The cyclone has killed an estimated 22,980 people so far, with millions rendered homeless by the disaster, which struck the Irrawaddy Delta region of Myanmar last week (3 May).

Scientists at the Indian Meteorological Department (IMD) in New Delhi, the World Meteorological Organisation’s specialist centre for Asia, say they issued the first of the cyclone bulletins to Myanmar as early as 26 April. 

Mrityunjay Mohapatra, director of IMD’s cyclone-warning centre, told SciDev.Net that Myanmar was warned of the impending cyclone at least 48 hours in advance. But there was no acknowledgement from Myanmar’s meteorological office, or any indication of a response.

Mohapatra says IMD’s first warning bulletin, issued on 1 May, indicated the land area likely to be hit by the cyclone. It warned that a cyclone with wind speeds of 180 kilometres per hour would cross the southwest coast of Myanmar sometime between 8pm and midnight on the night of the 2 May.

Aftermath of Cyclone Nargis

Burma Partnership

IMD’s bulletins contain information on the actual and predicted centre, intensity and movement of the cyclone, as well as sea conditions and maximum wind speeds around the cyclone centre.

Uma Charan Mohanty, from the Asian Disaster Preparedness Centre in Thailand, says that, according to the World Meteorological Organisation’s data, Asian cyclones are fewer and less intense than hurricanes in the Atlantic Ocean or typhoons in the Pacific Ocean region, but they cause more death and destruction. In 2005, 25 hurricanes in the Atlantic caused 10 deaths, but cyclone Sidr, which hit Bangladesh in 2007, left 3,500 dead.

Mohanty says that the Atlantic coast has a good early-warning system and people have the means to drive to safer areas. In contrast, Asian coasts are densely populated, with many poor fishing and farming communities who cannot evacuate on their own, even if they have been warned.

News agencies quote Maung Swe, Myanmar’s minister for relief and resettlement, who told a press conference (6 May) that most deaths were caused by a 3.5-metre-high storm surge — a wall of water that develops when cyclonic winds churn up sea water.

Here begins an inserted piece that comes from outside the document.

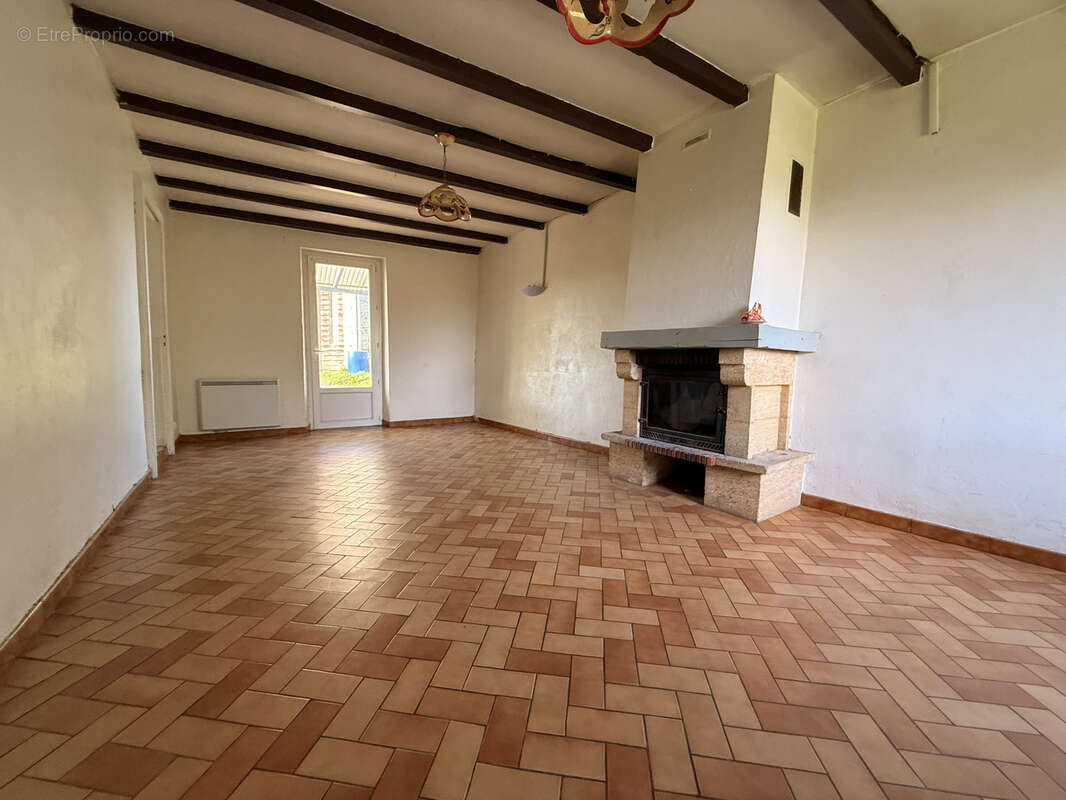 Maison à LAROQUE-TIMBAUT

Mohanty says that 85 per cent of cyclone deaths are due to storm surges and that predictions of the size and location of such surges are critical in disaster forecasting.

Asian coasts are also becoming increasingly vulnerable because of the loss of protective mangrove forests that serve as windbreaks and limit damage by storm and tidal surges.

In a 2006 report, the International Union for Conservation of Nature said that areas in Sri Lanka with mangrove forests suffered less damage in the 2004 Asian tsunami, compared with regions where forests had been destroyed.

And in January 2008, the UN Food and Agriculture Organization warned that Asia is fast losing its coastal mangroves, with more than 1.9 million hectares being destroyed each year.

The organisation’s report reviewed the world’s mangroves between 1980 and 2005. It found that the mangrove forests around Myanmar’s Irrawady Delta had degraded because of "overexploitation" and the conversion of land for rice fields — promoted by the government as a way to ensure self-sufficiency in food production.